The glimmer effect

I’m skeptical of people who say they love traveling. I think they must associate travel with sightseeing: the white sand beaches in the Caribbean; the leaning tower of Pisa and the bulging fistfuls of pizza; the Eiffel Tower selfie complete with a freshly bought beret. These people have become victims of the glimmer effect: they remember only the highlights of their time abroad, not travel–their journey from one place to another.

Travel is brutal. In order to ensure ample time to check-in and get through security, you must arrive two hours before the scheduled take-off. You check in, then strip in the middle of a crowded airport–no belt, no jacket, no shoes–and proceed to a 360° scanner that everyone is pretty sure takes nude photos. Grab your bag, check to make sure nothing has been stolen, then realize you’re hungry. You make your way to the gate, stopping on your way to overpay for a crappy sandwich, bagel, burger; you eat it with distaste in a teeny, ripped airport chair in front of your gate. (That sandwich, bagel, burger has a 75% chance of giving you indigestion later.)

And you wait. If you are me, you wait and wait until your flight should have boarded thirty minutes ago. This isn’t much of a concern because boarding delays are one of the airport’s only consistencies, but then an announcement comes over the intercom saying the flight to JFK is delayed. You try not to panic, though you have to catch a connection to Moscow; you know you have a few hours between flights.

But then you are delayed again. And again.

“Sorry, passengers, there has been a slight inconvenience with flight DL499 to JFK Airport. The flight is not scheduled to depart until 4:30 which would not put passengers into New York until about 6 o’clock PM. This does create problems for those with connections to Prague, Moscow–“

Here you stop breathing for a second.

“Please feel free to consult our help desk.”

Your mom is already at the desk, frantic for the fate of her Unaccompanied Minor, and you shuffle behind, clutching a fistful of tissues because, of course, this is the week you had to get sick.

Help desk: not helpful. It takes them 20 minutes to insist there is nothing they can do for us but reschedule your flight–for two days later. You acquiesce because you are angry, sick, and want to go home. They book the flight for you without adding any amenities whatsoever.

But you’re not done. Go collect your bag just to find it’s not there yet. You are often a pity drink by the staff–free warm soda–then wait another half-hour to pick up your almost-overweight bag. By this time, the afternoon is almost over; you have wasted a whole day in the airport.

Departure: Take Two.

Same bag check. Same security-stripping. Same crummy food. This time, your first flight takes off without major hiccups (though it still does not board at the time indicated on the ticket).

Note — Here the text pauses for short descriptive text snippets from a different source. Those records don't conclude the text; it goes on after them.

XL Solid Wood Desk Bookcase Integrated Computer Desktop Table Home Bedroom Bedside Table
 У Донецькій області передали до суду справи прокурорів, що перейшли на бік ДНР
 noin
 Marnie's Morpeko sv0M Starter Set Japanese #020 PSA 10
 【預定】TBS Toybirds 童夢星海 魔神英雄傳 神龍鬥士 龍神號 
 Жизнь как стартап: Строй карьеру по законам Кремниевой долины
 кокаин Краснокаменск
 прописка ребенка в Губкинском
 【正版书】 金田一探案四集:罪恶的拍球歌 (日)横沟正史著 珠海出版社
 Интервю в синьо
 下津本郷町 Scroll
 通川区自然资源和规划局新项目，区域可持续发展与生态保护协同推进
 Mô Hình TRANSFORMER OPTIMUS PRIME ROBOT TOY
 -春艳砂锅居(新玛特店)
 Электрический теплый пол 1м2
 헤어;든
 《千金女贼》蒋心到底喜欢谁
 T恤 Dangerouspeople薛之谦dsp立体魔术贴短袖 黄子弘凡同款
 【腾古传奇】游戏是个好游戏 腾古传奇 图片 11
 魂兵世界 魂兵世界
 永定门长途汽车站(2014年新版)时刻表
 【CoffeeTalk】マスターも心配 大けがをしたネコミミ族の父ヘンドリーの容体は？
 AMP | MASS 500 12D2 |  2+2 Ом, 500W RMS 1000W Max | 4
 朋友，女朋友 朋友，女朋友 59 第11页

Enter JFK. Bus to new terminal. Strip again for another round of security. Proceed to gate to find your flight delayed. Groan. You wait an additional hour and a half and then board. The waiting continues, however, as you have nine cramped hours ahead of you.

You land, in one piece but barely. So concludes the travel. Brutal, yes, but necessary. Those who claim to love travel experience the same mishaps, yet when we land and see that leaning tower of Pisa or hug a family member we haven’t seen in years, the world just…glimmers.

And we forget. All we see is that perfect photo-op, the smile of that family member–the glimmer effect is complete.